In my mind the usefulness of AxisArrays (and all programming which adds data to existing structures) is extremely limited if the user always have to keep track of the axis data. In this case a separate axis class is more useful (which may of course exist already), but it just seems wrong, since a set of axes should belong to the array and should be propagated along with what is done to the array.
I guess the broadcasting mechanism can somehow be carried over to AxisArrays but what about the views? How about introducing a julia keyword persist, which tells a data member to conceptually automatically reside (or be accessible from) structure of the encapsulating structure?
This way it would be fairly easy to deal with the views, as the axis would “blubble up” though a series of such encapsulations and still be visible. But then this needs some change to the type structure, as the resulting view type needs to still ideally be recognized a subtype of AxisArrays and not just AbstractArray, I guess.

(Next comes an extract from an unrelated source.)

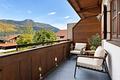 Bergblick inklusive – Kompakte 2-Zimmer Wohnung mit Süd Balkon - Balkon mit Bergblick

No. The design of Julia go against this on purpose. The common example is the Square class. If I create a Rectangle class, then makes sense to have Square as a subtype of rectangle, because this replicates the mathematical relationship between them, however, Rectangle has two attributes (length and width, for example) and for Square it would be better to inherit nothing and instead just use a single attribute to store the value (saving half the memory).

From your examples, however, I see nothing related to inheritance.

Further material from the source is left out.